Eval Suite And DevTools

  • Workflow eval suites landed in the CLI. bunx smithers-orchestrator eval can run workflow cases, write reports, detect duplicate run IDs, dry-run plans, and evaluate exact or partial output assertions.
  • Eval assertions are more flexible. outputContains now matches array entries outside prefix position, and docs cover the continued status.
  • DevTools tree utilities gained nested ordering coverage. Tests now assert depth-first task collection through nested containers.

Demo, Docs, And CI

  • Keyboard-driven demo deck. .smithers/scripts/run-demo.sh now launches a 35-slide terminal deck with keyboard navigation, replay, mute, auto mode, and a live durability/time-travel sequence.
  • Dynamic demo workflow.
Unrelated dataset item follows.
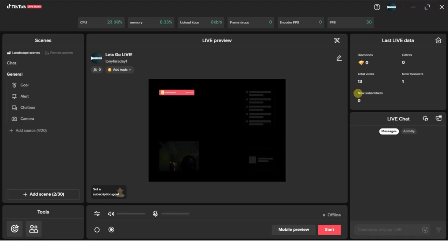We are going to be using the TikTok Live Studio to do this. I have a video on how you can do this on your phone, but in today's video we're doing it on the TikTok Live Studio app. So how can we do it on the TikTok Live Studio app?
A lightweight dynamic workflow was added for smoke-testing task graph behavior without running the full deck.
  • Demo output is cleaner for recording. The live deck no longer inherits NO_COLOR into forced-color child commands, avoiding Bun color warnings during the durability slide.
  • Workflow catalog and docs were refreshed. The seeded workflow catalog, MCP/server docs, caching docs, eval quickstart, and quickstart copy were updated alongside the new behavior.
  • CI now runs the test gate on pull requests. The GitHub workflow includes the repository test job, and agent timeout tests were hardened so idle timeout coverage is less timing-sensitive.